Sep 6 2006
World Congress of Cardiology 2006 - A simple technique - combining cardiac ultrasound with a heart muscle-stimulating drug - can identify the MI patients who would benefit most from angioplasty after thrombolysis, reports a study in Hot Line session II.
On the basis of the results, presenter Gerrit Veen (Amsterdam, Holland) called for testing to be introduced as standard clinical practice following myocardial infarction (MI).
The new method reported in the VIAMI (viability-guided angioplasty after acute myocardial infarction) study, involved the administration of the heart stimulant drug (dobutamine) during echocardiograms to identify patients in whom remaining viable heart muscle was present in the area of MI.
Observations suggest that patients with a viable area of heart muscle in the infracted area are at higher risk of suffering a second heart attack, compared to those without viable muscle.
In the study, the 216 patients with viable heart muscle were randomised to receive either angioplasty or conservative treatment. In the first group, angioplasty was performed as soon as possible, while in the second group it was only performed in case of threatening new signs and symptoms.
Results at six months show that only 6.6 % of patients in the angioplasty group developed problems, compared to 15.5 % of patients in the conservatively managed group (P<0.001).
Patients without residual viable heart muscle were at low risk of a second heart attack in VIAMI. This group had an eventfree survival of 94.7% compared with 85.5% in the viable tissue group (p<0.05).
“Thus the strategy of routinely performing angioplasty in all heart attack patients after clot-lysing therapy doesn’t seem warranted,” said Veen.

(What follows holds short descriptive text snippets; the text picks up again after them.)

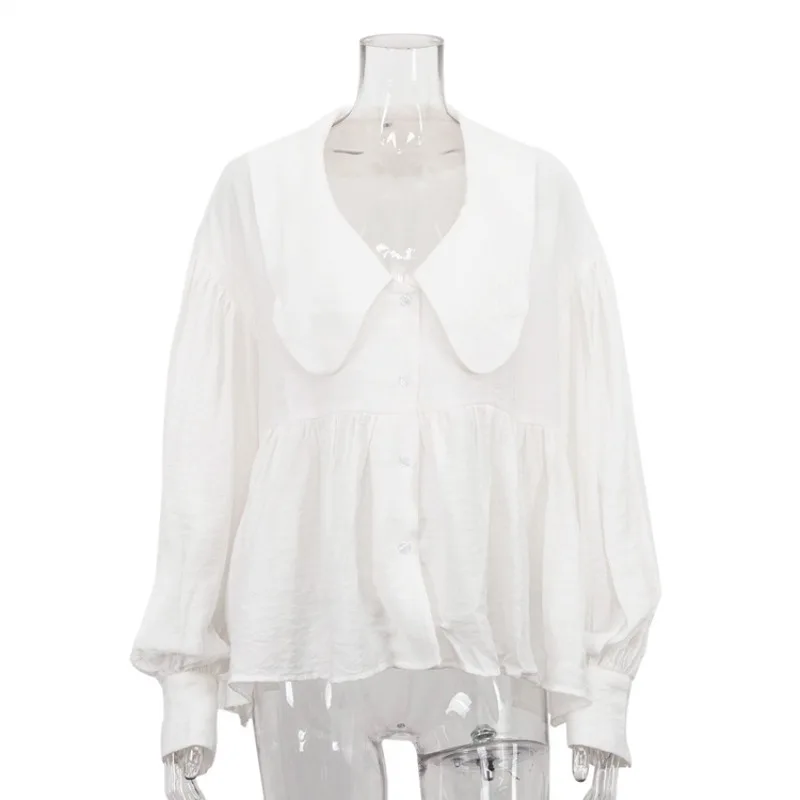 French Casual White Shirt 2025 Autumn Bubble Sleeve Temperament Loose Women's Cardigan Top
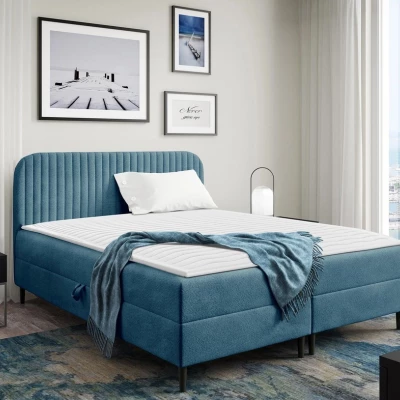 Kontinentální jednolůžková postel 120x200 NEWSOMS 1 - modrá + topper ZDARMA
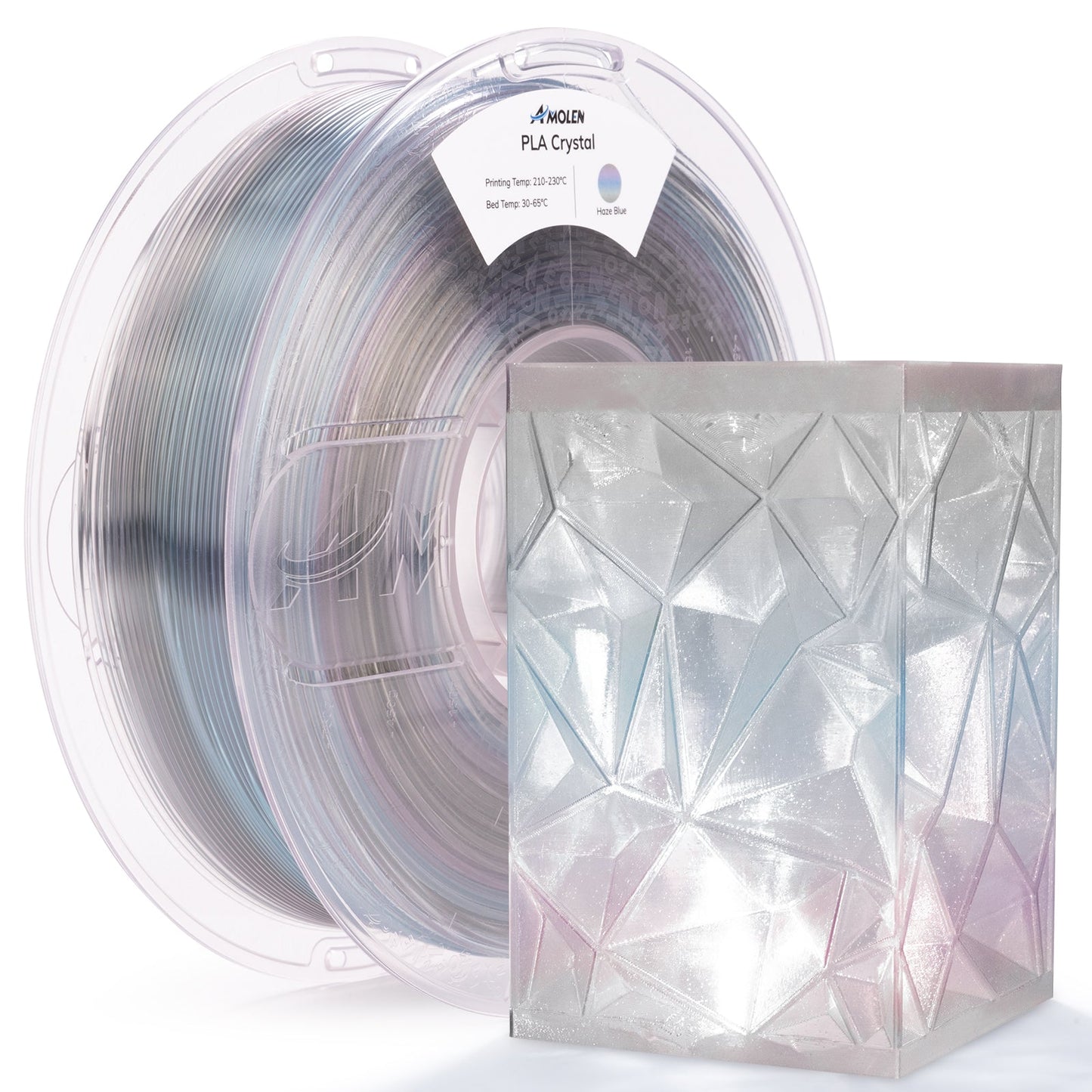 Amolen PLA Crystal Transparent – Rainbow Nebula Glaze colorway spool
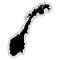 Black silhouette of the country Norway with the contour line and
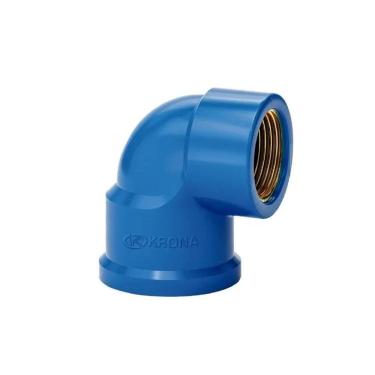 Imagem de Joelho De 90° Krona Soldável Com Bucha De Latão 25mm X 1/2 Azul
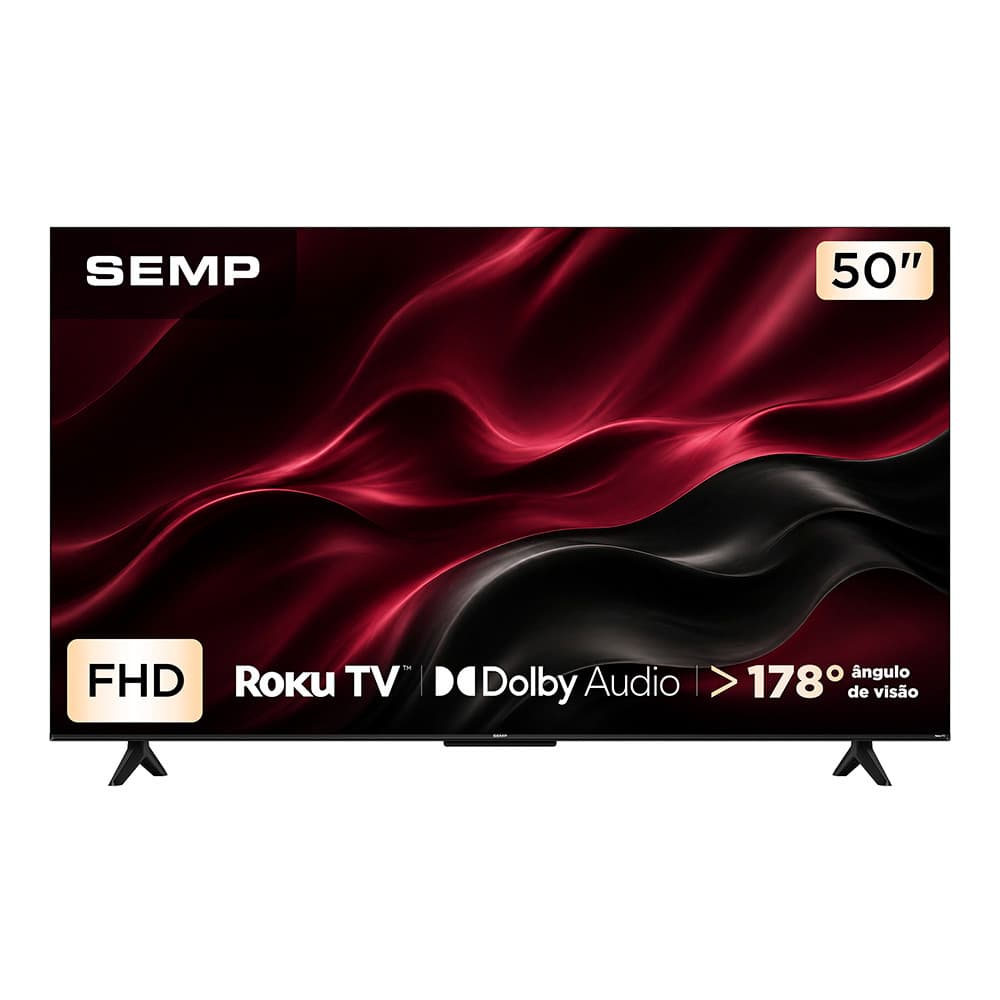 Smart TV Semp 50 Polegadas LED Full HD S42R Roku TV Wi-Fi Dolby Audio Brilho até 240 Nits 50S42R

Also on the theme of angioplasty in Hot Line session II, data from RIVIERA (Registry on IV anticoagulation in elective and primary real world of angioplasty) was presented. The study reviewed intravenous anticoagulation in angioplasty and identified modifiable factors associated with an increased risk of major complications.
The RIVIERA registry included 7,962 consecutive angioplasty patients who had been enrolled for elective or primary percutaneous coronary intervention (PCI) in 144 hospitals across 23 countries in Europe, Africa, South America and Asia.

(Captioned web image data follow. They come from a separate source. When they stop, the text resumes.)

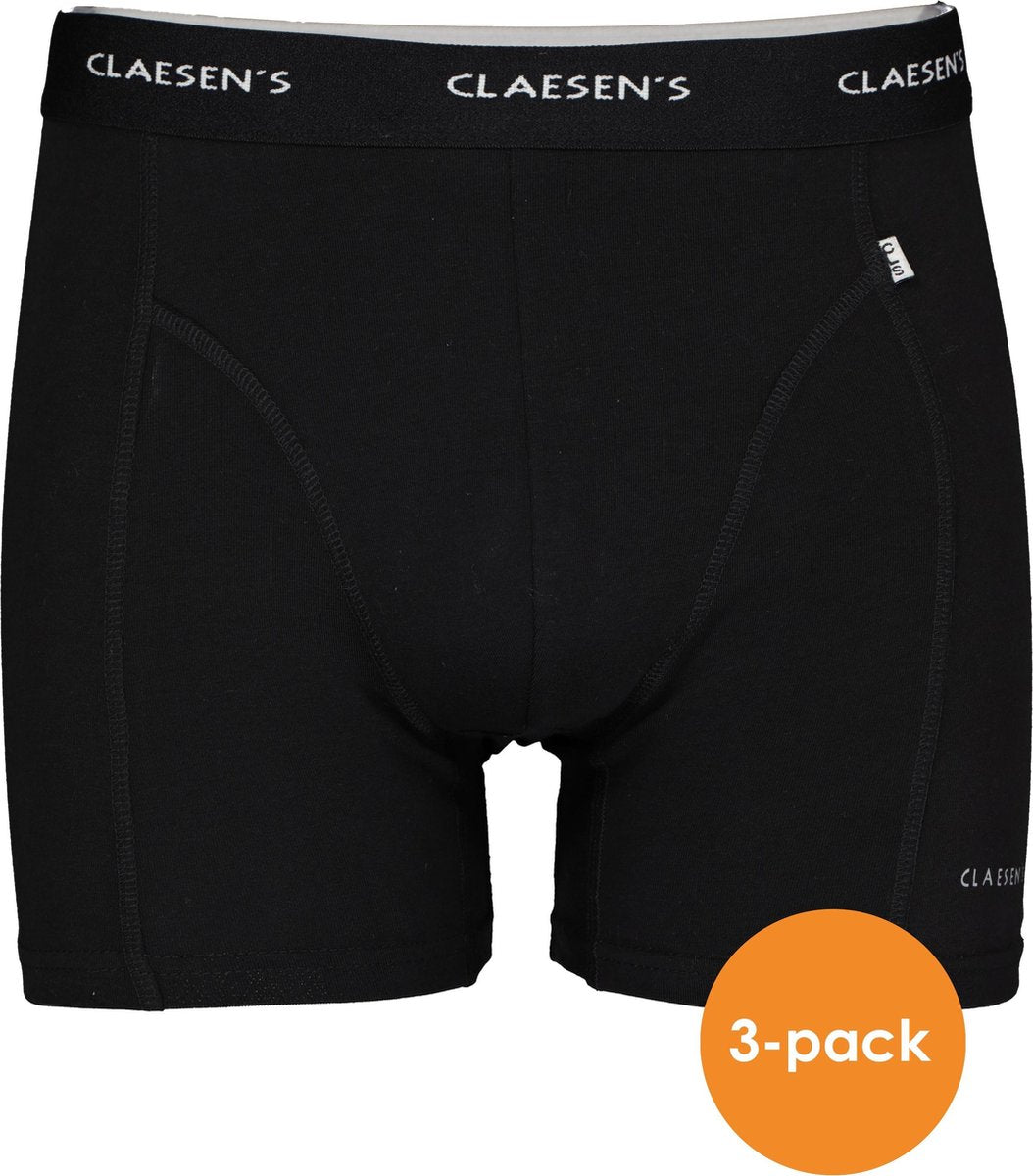 Claesen's Basics boxers (3-pack) - heren boxers lang - zwart -  Maat: M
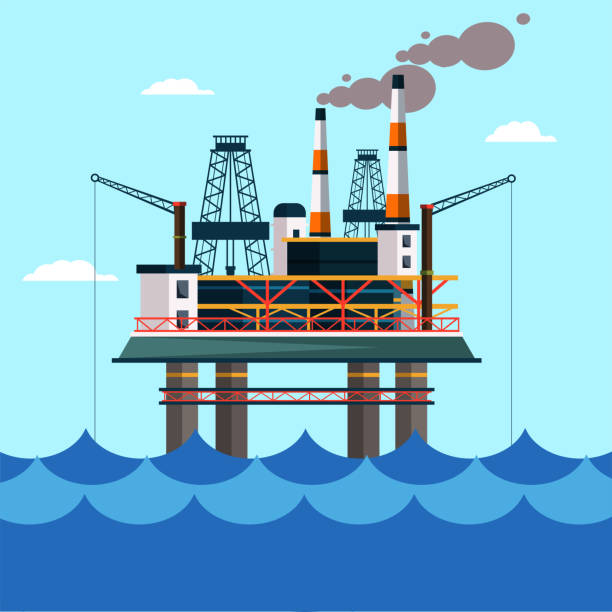 Offshore Oil Rig Flat Vector Illustration Stock Illustration - Download Image Now - Cartoon, Offshore Platform, Crane - Machinery - iStock Offshore Oil Rig Flat Vector Illustration Stock Illustration - Download Image Now - Cartoon, Offshore Platform, Crane - Machinery - iStock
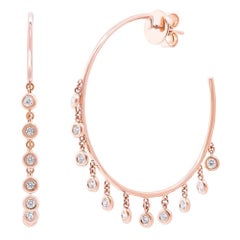 Rachel Koen 14K Rose Gold Diamond Shaker Hoop Earring 0.65cttw
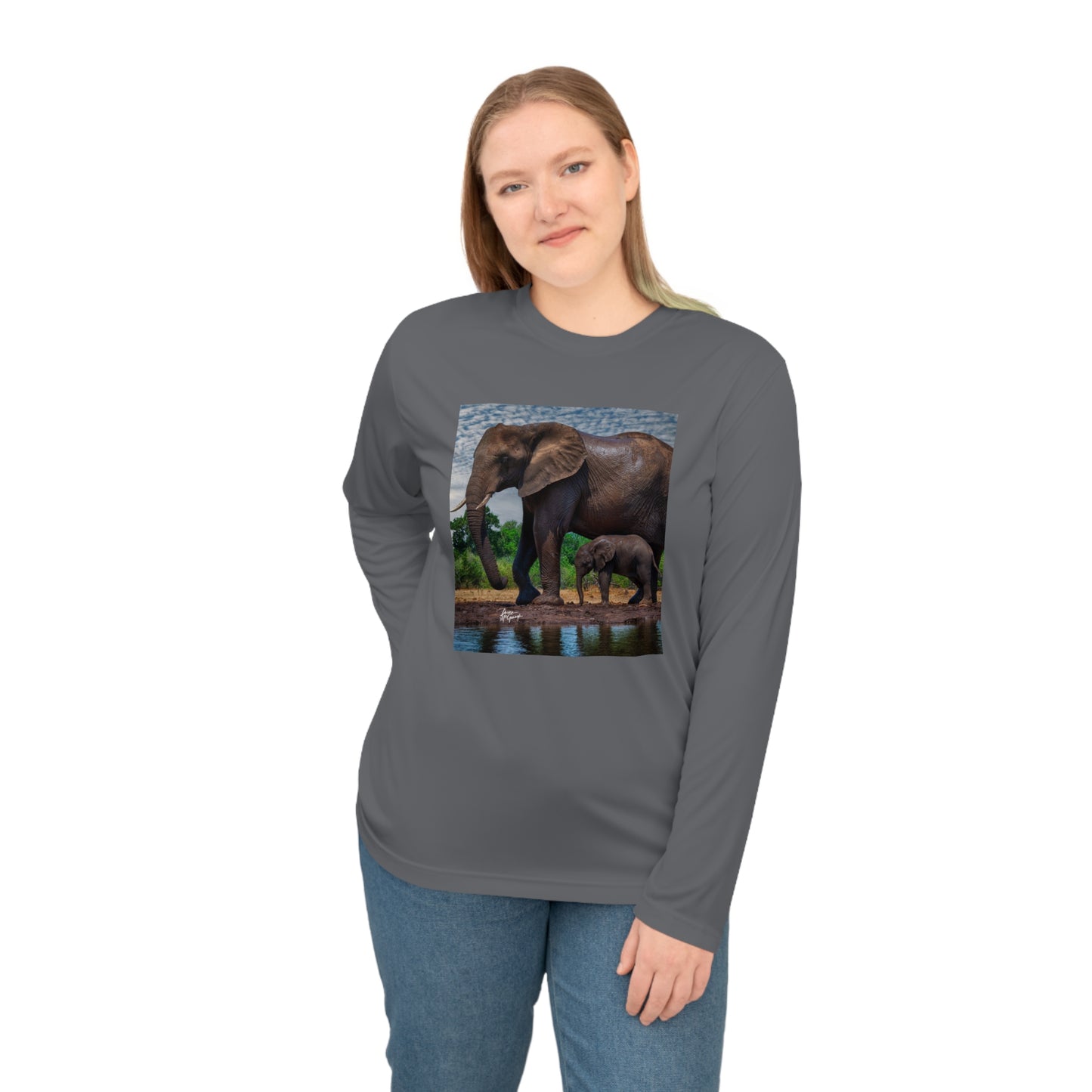 Unisex Long Sleeve Performance Tee - "Elephant Baby with Mom" by Enjoy Nature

The aim was to provide a global picture of angiography. Registry results reveaedl hospital deaths of 0.3 %, MI rates of 1.0 %, major bleeding rates of 0.3% and minor bleeding, of 3.1%.
Gilles Montalescot (Paris, France) said mortality and major bleeds were lower than usually reported. In addition, use of statins, thienopyridine pre-treatment and enoxaparin resulted in fewer ischaemic events, while use of GPIIb/IIIa inhibitors, UFH and enoxaparin led to more bleeding.
Furthermore, radial as opposed to femoral access led to less bleeding and fewer ischemic events.
Montalescot: “It’s good news because the study shows that many of the risk factors are modifiable, suggesting that improvements can be made to clinical outcomes.”
Finally, six month data from a phase II clinical evaluation of the XIENCE V everolimus-eluting coronary stent (SPIRIT II study), was presented by Patrick Serruys (Rotterdam, the Netherlands). It showed that in-stent late loss was superior for the new everolimus-eluting stent, compared with the established sirolimus stent.
Results show that luminal late loss (the difference in diameter from postangioplasty to time of re-study) was 0.11 mm for the everolimus-eluting stent, compared to 0.36 mm for the sirolimus stent (p=0.0001).
However, Salim Yusuf (McMaster University, Canada ) commented: “I don’t know whether the everolimus stent offers an advantage or not because this study is not dealing with a clinically-relevant end point.”